Phil Brierley won the Heritage Health Prize Kaggle machine learning competition. Phil was trained as a mechanical engineer and has a background in data mining with his company Tiberius Data Mining. He is heavily into R these days and keeps a blog at Another Data Mining Blog.
In October 2013 he presented to the Melbourne Users of R special interest group. The title of his talk was “Techniques to improve the accuracy of your Predictive Models” and you can watch it below:
This is a great presentation if you would like insight into how a highly pragmatic and effective machine learning practitioner approaches problem solving. I want to highlight three points I took away from this presentation.
Phil opens the presentation with a comment that “the proof of the pudding is in the eating” – you can only indicate that something is successful after you have tried it out. Phil is not interested in the great theory, he want’s evidence that a model works by looking at it’s result.
He comments that most problems involve data that relates to humans rather than laws of nature, which can make the problems complex. He also comments that he is not interested in inventing new algorithms, but instead in getting the best out of the algorithms that are available. R has a lot of algorithms so that is why he is using it.

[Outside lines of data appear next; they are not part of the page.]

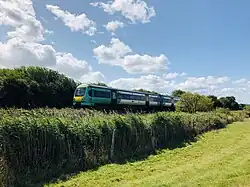 Shot of a field with a train running along a straight track in the distance
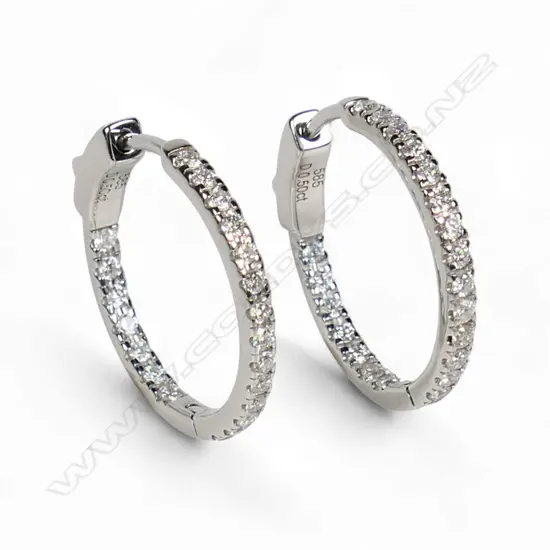 A pair of 14ct white gold and diamond hoop earrings,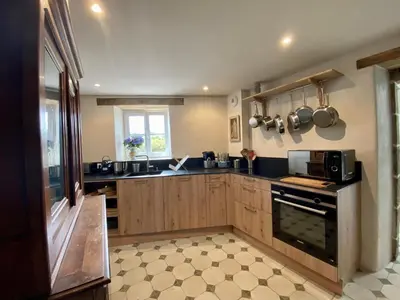 Cuisine ou kitchenette dans l'établissement Le Presbytère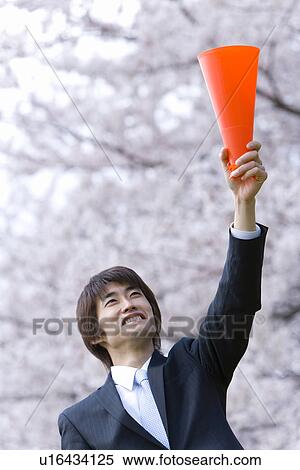Stock Photography - Businessman Lifting A Megaphone, Low Angle View, Head and Shoulder. Fotosearch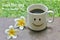 Morning text greeting - Good Morning. Have a beautiful Day. A cup of coffee with happy smiling sign emoticon on it and flower.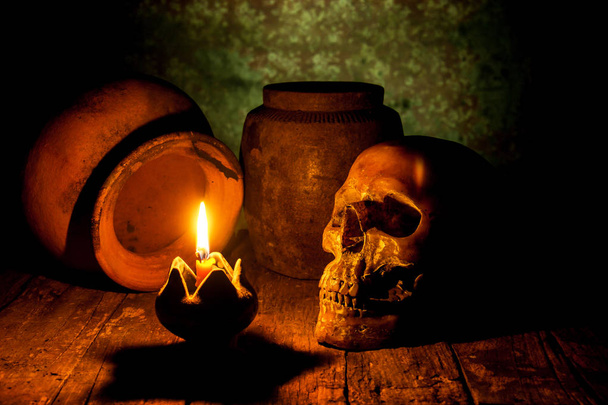 Calavera y vela con candelero sobre fondo de madera, concepto de bodegón
 - Foto, Imagen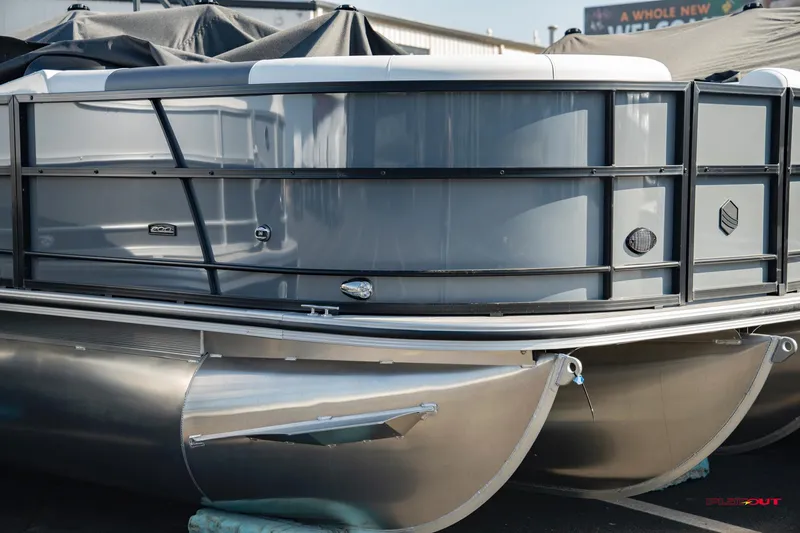 Slide: The Image of 2023 South Bay S224 Universal Lounge 200HP pontoon boat in a showroom. - 26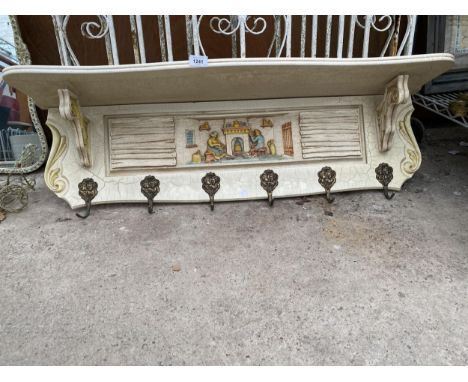 A VINTAGE COAT RACK WITH UPPER SHELF AND CARVED DESIGN 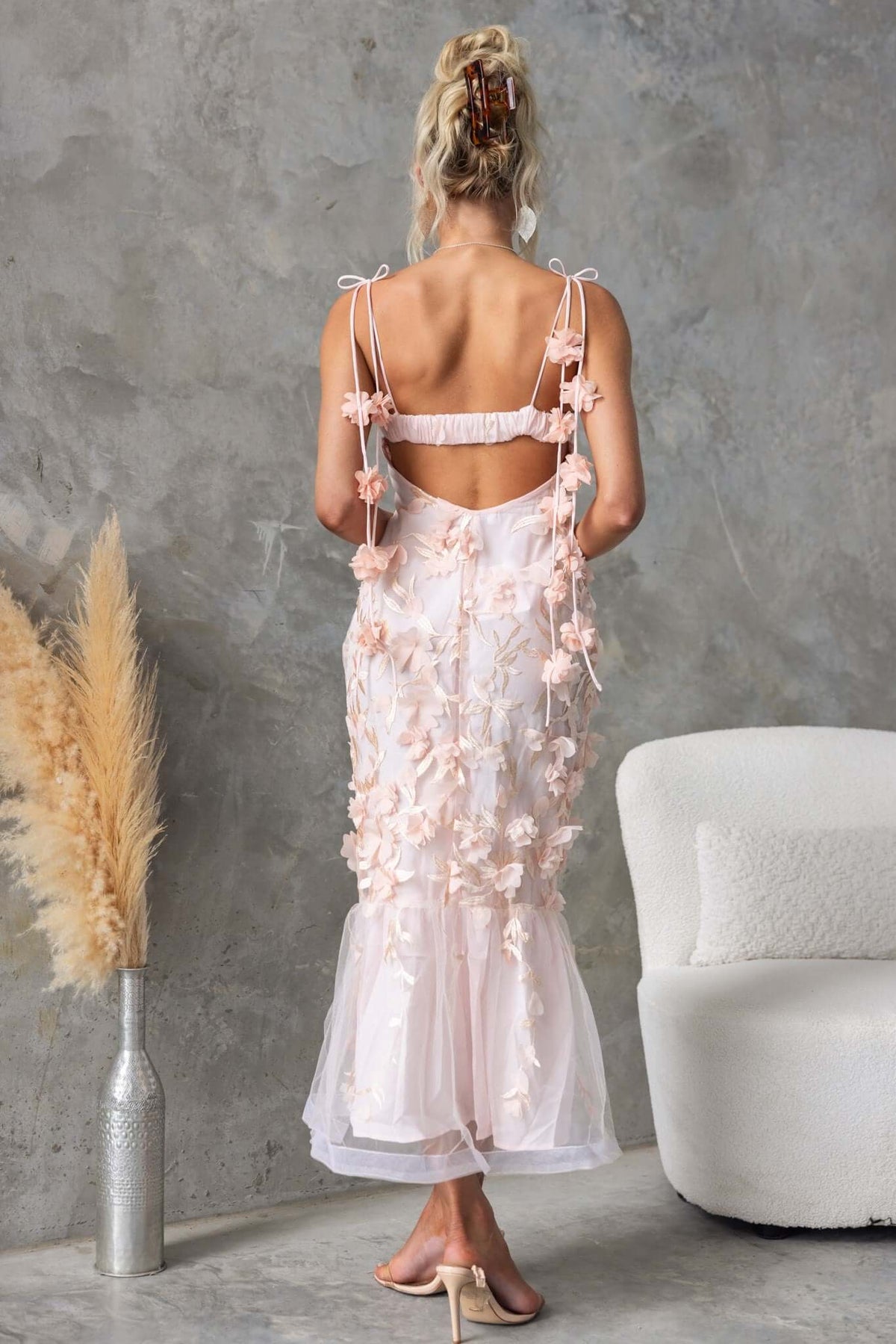 Back view of Nephi Midi Dress featuring adjustable straps and lace overlay in soft pink.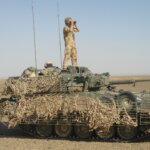 A Scimitar Mk II light tank draped in camouflage netting with a soldier standing on top looking through binoculars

Phil is a huge proponent of ensembles. He used them in his Heratage Health Prize, he demonstrates their power with a simple football tipping example and even uses crowdsourcing to guess the weight of people in the room as an example.
Phil comments: Don’t build one great model, ask 10 people to create 1 model each and average them.
Phil comments that bad modes should not be thrown away exactly, but what you should be looking for is diversity of model results that you can recombine into an improved solution. Diversity of predictions is evaluated by looking for a lack of correlation between predictions, which should be maximized.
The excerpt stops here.